# kuhn vs krone tedders



## Rodney R (Jun 11, 2008)

Any opinion on which one is better? We've had 2 kuhn tedders, and they have each done 1000's of acres, and the only problem we've ever had was with tires, a u-joint, and some broken teeth. So the kuhn is pretty high on my list. The krone looks like a good machine, but there are none in the area, and I only know one guy that has one. How are they to get parts? If the dealer doesn't have the part in stock, how long/easy???? I know the kuhn makes a couple different models - only looking at something 8 rotor, hydraulic unfold and oblique, and pull behind, not a full 3pt version.

Rodney


----------



## stickney farm (Jan 17, 2011)

Kuhn dominates in this area. Same here only had broken tines and flat tires since the digidrive came out.


----------



## Vol (Jul 5, 2009)

Rodney, my Case dealer carries Krone....I have looked at a Krone tedder seriously and asked him about parts availability and he told me the parts center is headquarted nationally in Memphis TN and that parts were readily available. The knock on Krone is that they have about the most expensive replacement parts available....much higher than Deere on average. Krone tedders sure look nice and heavy built too....

Regards, Mike


----------



## IAhaymakr (Jun 4, 2008)

I have one of each. The Krone is by far the better built machine. Might be wise to compare the two based on weight alone. It seems like that would tell you a lot when it comes to tenders.


----------



## SVFHAY (Dec 5, 2008)

Find a serial off a similar machine and call messicks. You will know availability and cost quickly.They have sold Krone for a few years.


----------



## fredro (May 12, 2012)

had a kuhn good tedder now have a six rotor krone heavier machine does 25 acres per hour in smooth fields throws grass flat out really like it


----------



## Bonfire (Oct 21, 2012)

I have a Krone KW 5.50/4 X 7T tedder. Excellent machine. I've used it to ted everything from bermuda to alfalfa to 6' tall sudex busting up windrows a day behind the moco.

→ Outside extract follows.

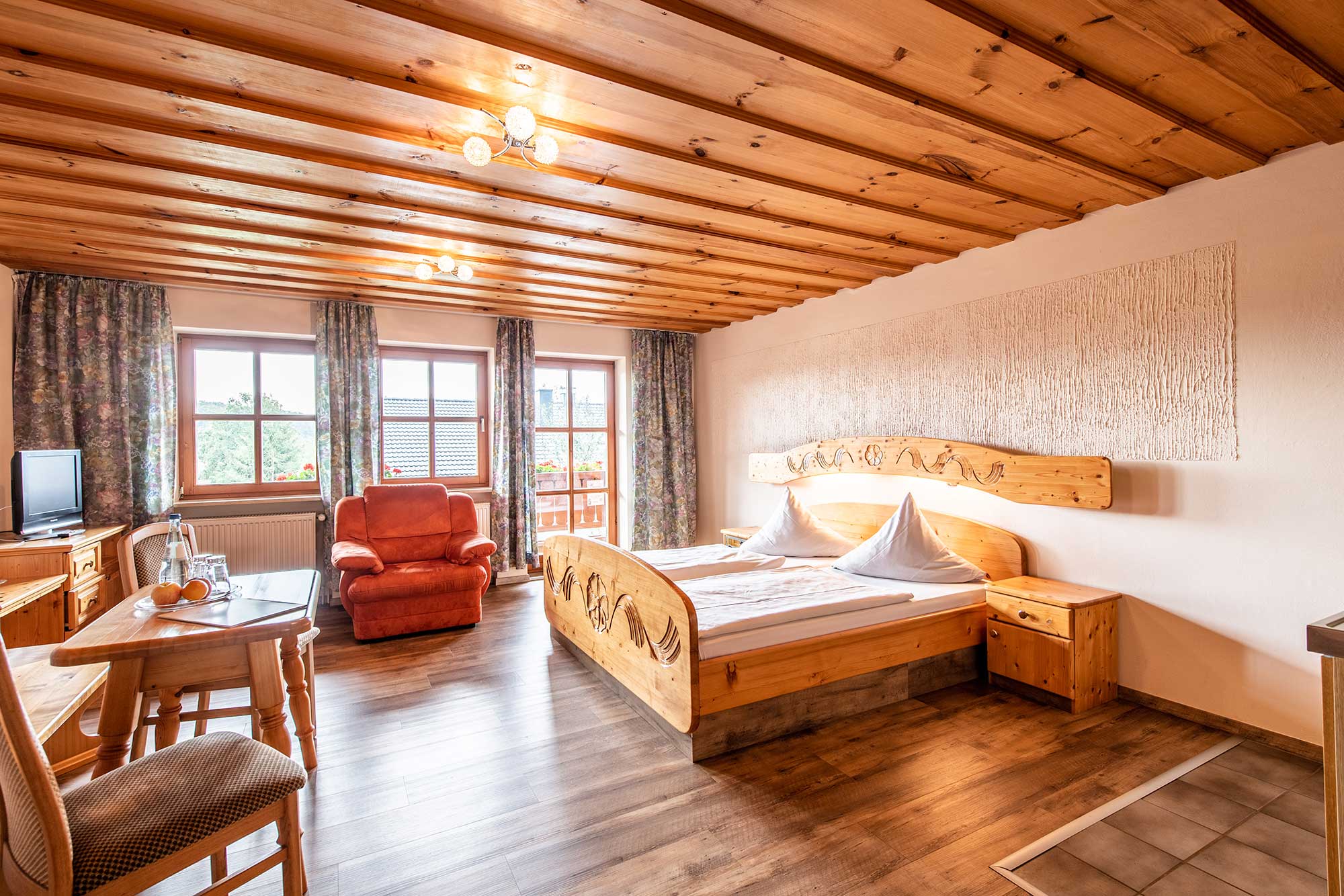 Eine Suite mit einem großen Doppelbett, einem roten Sessel und einem Fernseher im Hotel Der Böhmerwald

The only thing I've done to it is fix a flat or two and grease it.


----------



## MikeRF (Dec 21, 2009)

Rodney R said:


> Any opinion on which one is better? We've had 2 kuhn tedders, and they have each done 1000's of acres, and the only problem we've ever had was with tires, a u-joint, and some broken teeth. So the kuhn is pretty high on my list. The krone looks like a good machine, but there are none in the area, and I only know one guy that has one. How are they to get parts? If the dealer doesn't have the part in stock, how long/easy???? I know the kuhn makes a couple different models - only looking at something 8 rotor, hydraulic unfold and oblique, and pull behind, not a full 3pt version.
> 
> Rodney


I had the exact same dilemma in the spring.
Had 2 kuhns (8501 and 7601), done 1000s of acres, few issues, good local dealer representation,parts etc. Needed to trade the smaller one and was looking at an 8702. I always knew Krone tedders had a good reputation for the job they did, build quality etc. but was keen to stick to the Kuhn as the majority of parts would be interchangeable with the one I already had.
I priced the 8702 against the Krone equivalent 8.82T and was surprised to get a $3500 difference in favour of the Krone. Tried everything I could think of to get Kuhn to come down to the $1200 difference I thought the interchangeble part issue was worth to me but they would not move at all. Ended up buying the Krone and am very impressed with the job it does.
Over the last 5 years we have gone from being virtually all Kuhn hay kit (mowers,tedders and rake) to just having the one remaining tedder for the same reason every time. I'm not sure if other areas are the same but around here Kuhn appear to be pricing themselves out of the market.


----------



## Rodney R (Jun 11, 2008)

Kelly - I was looking at one at messick's - he had a kuhn/nh sitting next to it, and the difference in build was quite obvious, but I understand that Kuhn makes the 'economy' model for NH.​
I had looked at the brochure for both comparing an gf8702 to an kwt8.82. The weight is 3258 to 3262, so in that respect they are the same, maybe the Kuhn has a heavier transport arrangement.​
Mike - We have a 8501 that we're looking to trade - ours is a full 3pt model, and that takes a much bigger tractor to lift it, than to run it, hence the desire to go with a semi mount or trailed. I think the krone is a little higher priced, it just depends on how much each dealer will offer us for trade.​
I like the setup of the kuhn a little better than the krone - I don't like the hydraulic accumulators they put all over the place, and I don't like that 'valve' to switch from unfolding to oblique. I haven't seen a new kuhn so I can't really compare.​
Rodney​


----------



## BaleJack (May 5, 2012)

We have a Krone 13.02, had both wings fall off in the first 2 years. Don't buy anything Krone in the first model year or two...it takes them time and they seem to field prove their products at the expense of the farmer. Yes, they did warrant the wing hinges, I was told by my dealer that they had an update for this part. I asked them to replace the other hinge while fixing the broken one. But would not replace the 2nd hinge until after it broke. Of course it was in the field and it bent rotor parts. The other $2200 plus of the rotor parts bill was my expense. Also they use the cheeeepest Chinese tires I have ever seen.. Had to replace ALL of them...again at my expense. I was guaranteed to have a flat every 125 acres until all were replaced. Tires thinner than the tubes!! Even had one of the tires blow in transport when it was not touching the road!! I guess the temperature difference between the barn and the outside air was too much for the tire...I put header cart tires on it and problem solved.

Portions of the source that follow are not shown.